Ждать пришлось недолго. Подошли к гвардейской артиллерийской бригаде. Ею тоже командовал Ермолов. Тут уж к царю вплотную подобрался Аракчеев, председатель Департамента военных дел Государственного совета, генерал от артиллерии и сам отличный артиллерист, не мог не вставить своего словечка. Хотя к внешнему виду личного состава придраться было нельзя, но что-то критическое сказать было необходимо о ненавистном дерзком выскочке, как считал генерал, инспектор всей пехоты и артиллерии. Тем более император, сладко улыбаясь, шагнул в сторону и показал рукой на жёлтые медные пушки, покрытые инеем на морозе.

— Пожалуйста, граф, тут уж вам карты в руки, — проговорил он.

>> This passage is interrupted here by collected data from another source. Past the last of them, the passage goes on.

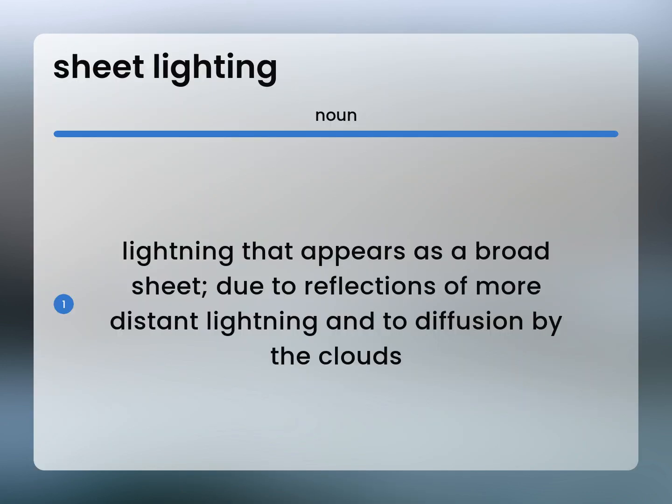Lightning that appears as a broad sheet, due to reflections of more distant lightning and to diffusion by the clouds.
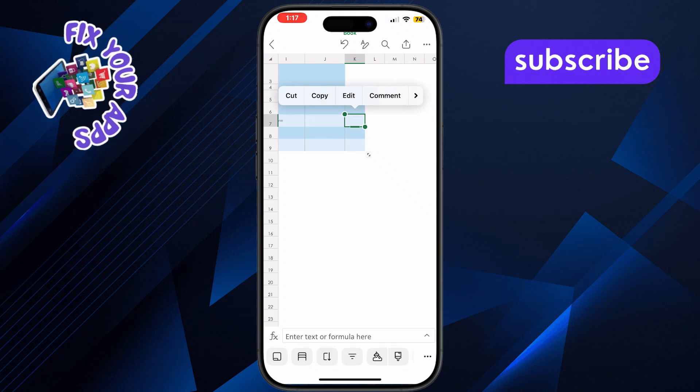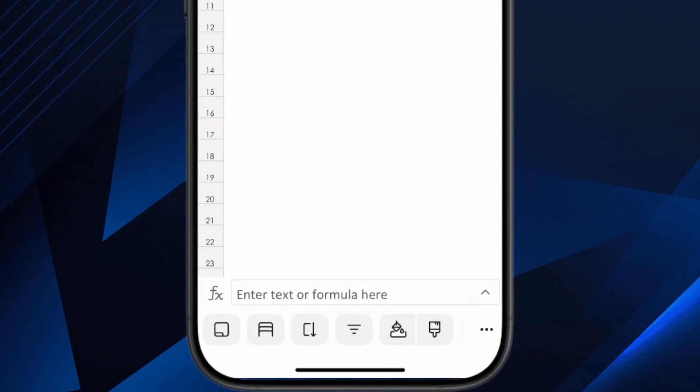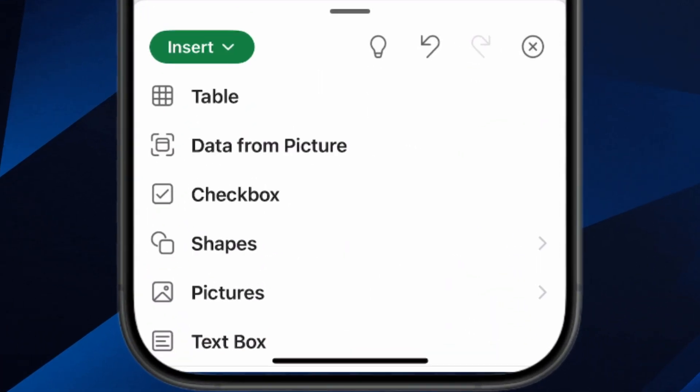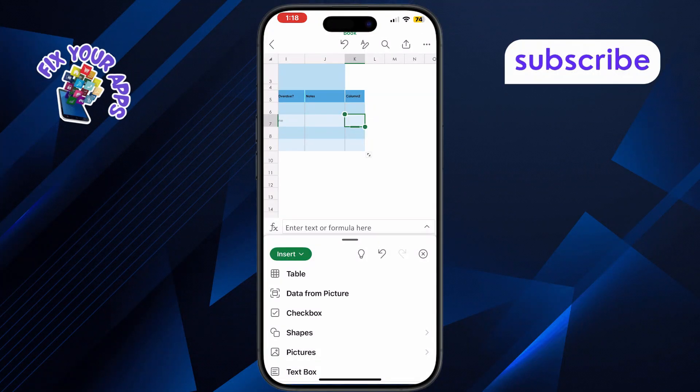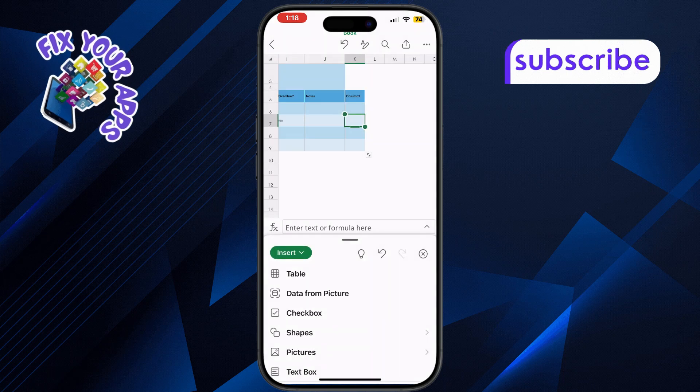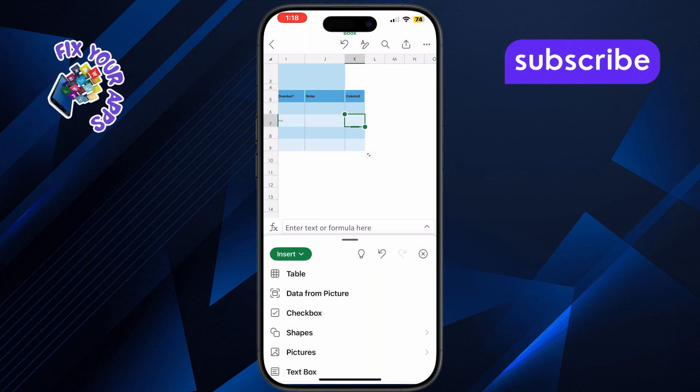Next, tap on the three dots or the arrow button to open more options. Now tap on the home arrow and from there select the insert tab at the top of your screen.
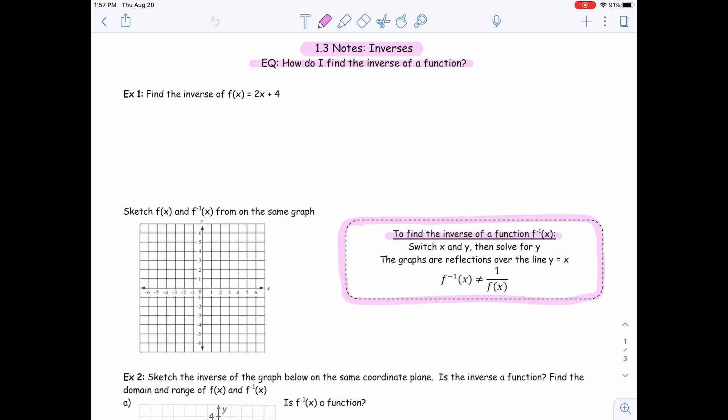Hi, you all. It is me again, and here we are talking about 1.3, which is inverses. So how do we find the inverse of a function?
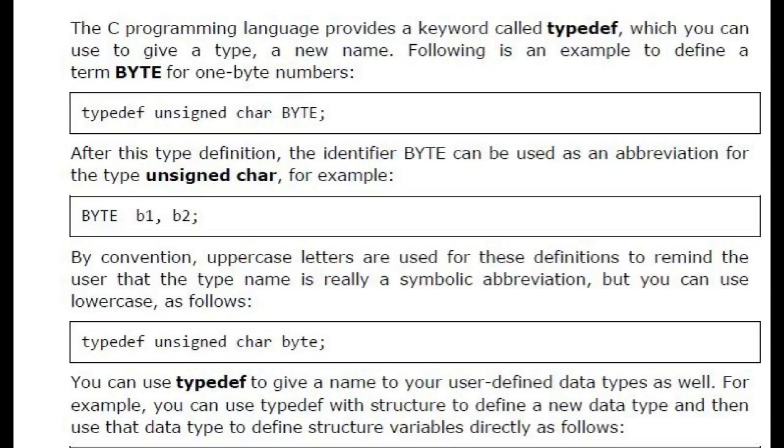Following is an example to define a term BYTE for one byte numbers. typedef unsigned char BYTE; After this type definition, the identifier BYTE can be used as an abbreviation for the type unsigned char, for example.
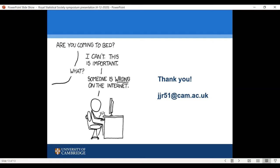I very much look forward to your questions. If you have any questions personally, please email me at jjr51 at cam.ac.uk. Thank you very much, and I look forward to the discussion. Excellent. Thanks, John — a very timely talk, very interesting and exciting. I'd now like to invite Lawrence McGinty to come and respond to these very interesting talks.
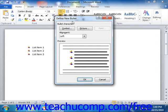This dialog box allows you to define the appearance of your new bullet. At the top of the dialog box, in the Bullet Character section, are three buttons that allow you to choose the icon that will be used for your bullet: Symbol, Picture, and Font.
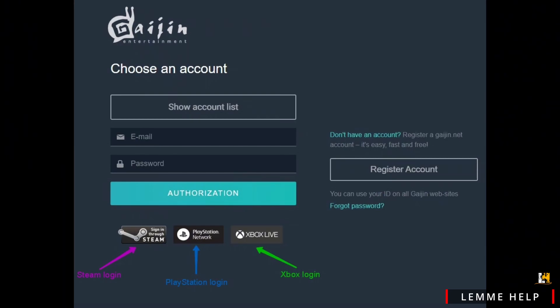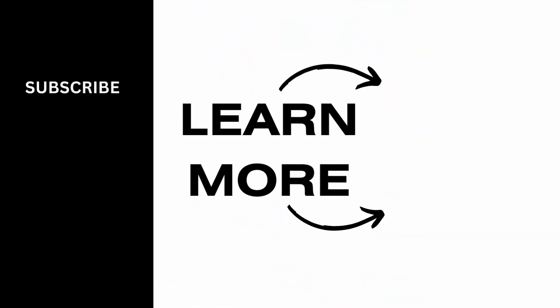And that is how you'll be able to link your Gaijin or War Thunder account to Steam. That's a wrap for the video — thank you so much for tuning in.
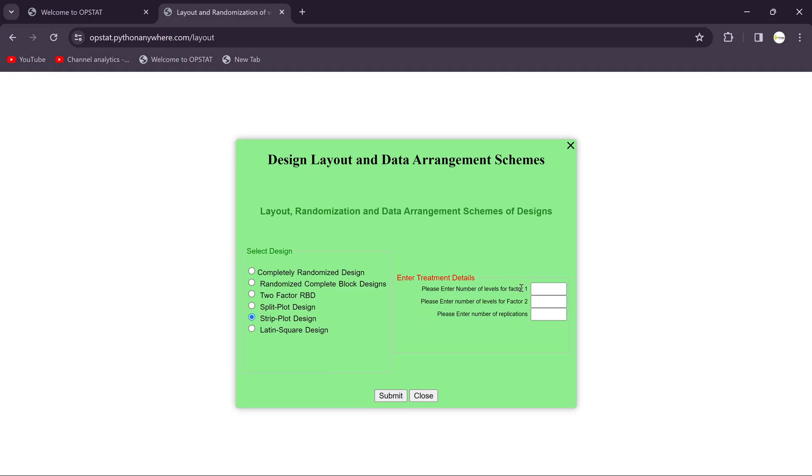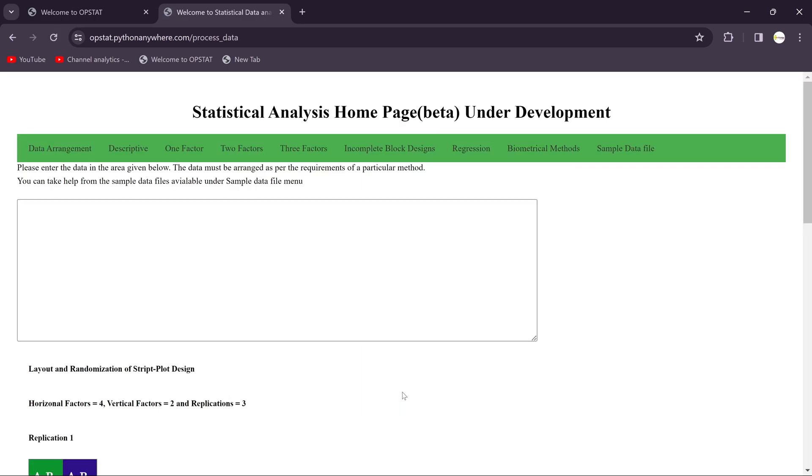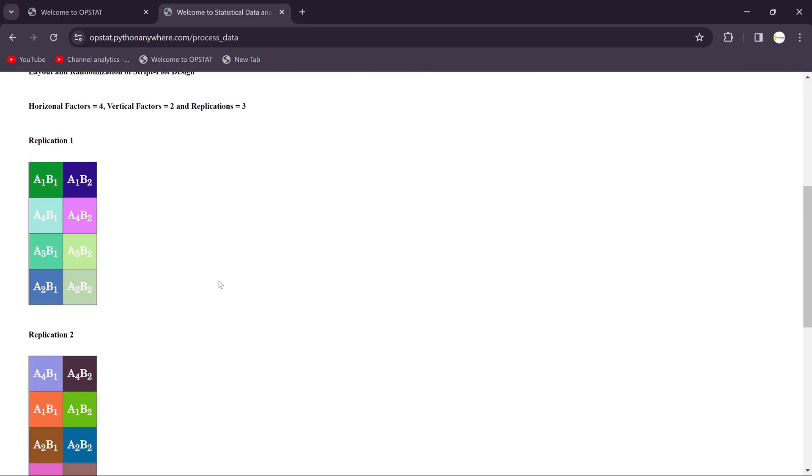Then you need to add the treatment details. You should have to consider factor one, for example we can consider it's four, then factor two having two, then replications are three. Just you need to submit it and you will get the design here.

Аракчеев, суетливо поскрипывая утоптанным снежком, шагнул туда, шагнул сюда: вроде зацепиться было не за что. Везде щеголеватый порядок и чистота. Но медлить было нельзя. Александр Павлович, запахнув на груди шубу из серебристых соболей, нетерпеливо переминался: ему не терпелось начать парад — главную, самую аппетитную для него изюминку всего смотра.

— А почему у вас лошади такие худые, вы что, их не кормите? — грубо, в своей обычной манере, рявкнул генерал от артиллерии. — А зря, ведь от скотов этих часто исход боя зависит, ведь манёвр в артиллерии — одно из самых важных в тактике этого рода войск.

Все обернулись к Ермолову, что он ответит всесильному грубияну, тем более все видели, что лошади были как лошади, не лопались от жира, но и отнюдь не походили на заморённых одров.

— Вы правы, ваше высокопревосходительство, — глядя сверху вниз в мутные глаза Аракчеева, отчётливо громко произнёс Ермолов, — наша жизнь частенько зависит от таких скотов!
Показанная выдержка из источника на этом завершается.